▸ **ACTIVITY**
Begin with the first line below and retype each line exactly through the line containing "Thatched timber beach". Any pictures are to be left out.

▸ **DATA PROVIDED**
┄┄┄┄┄┄

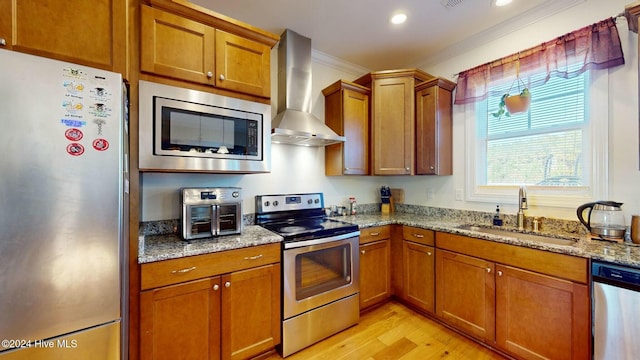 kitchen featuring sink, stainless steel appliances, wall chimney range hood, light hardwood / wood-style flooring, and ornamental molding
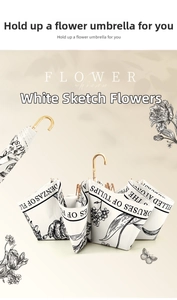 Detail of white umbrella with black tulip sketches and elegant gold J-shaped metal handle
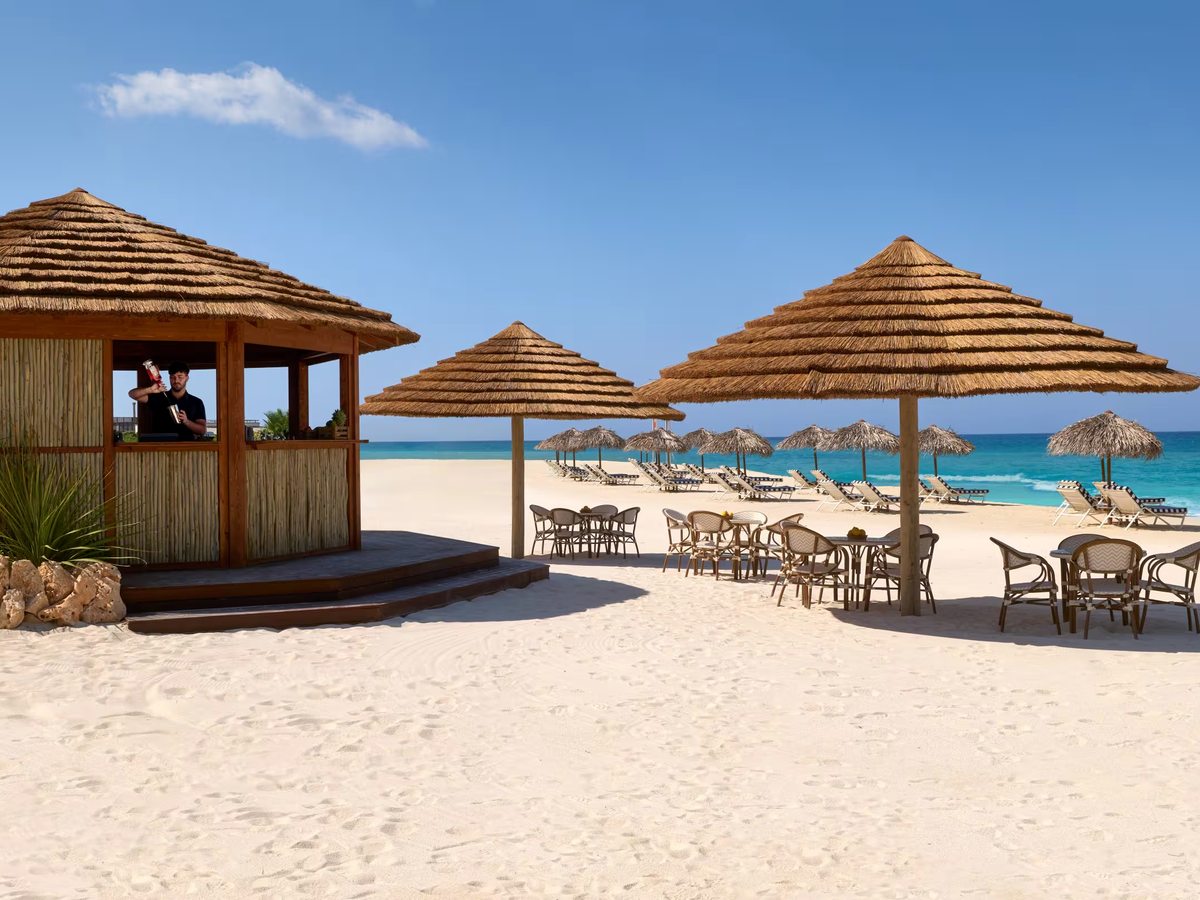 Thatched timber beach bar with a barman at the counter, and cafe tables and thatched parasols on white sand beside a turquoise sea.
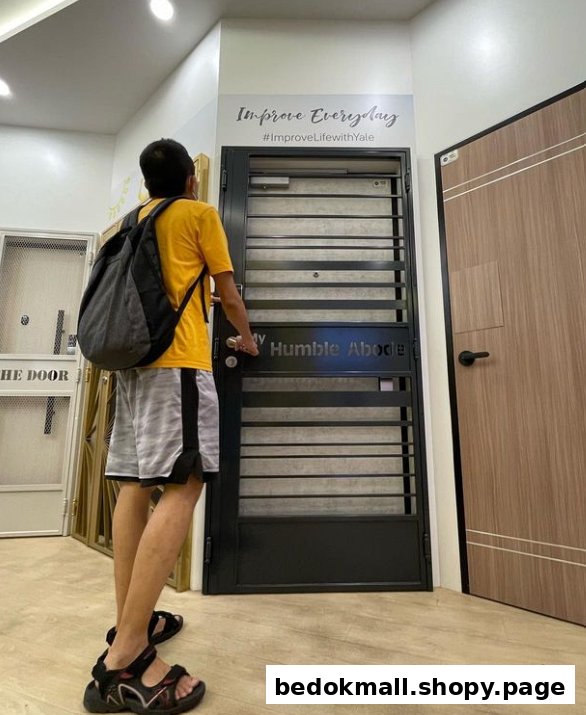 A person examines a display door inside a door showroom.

┄┄┄┄┄┄

▸ **EXERCISE RESPONSE**
 kitchen featuring sink, stainless steel appliances, wall chimney range hood, light hardwood / wood-style flooring, and ornamental molding
 Detail of white umbrella with black tulip sketches and elegant gold J-shaped metal handle
 Thatched timber beach bar with a barman at the counter, and cafe tables and thatched parasols on white sand beside a turquoise sea.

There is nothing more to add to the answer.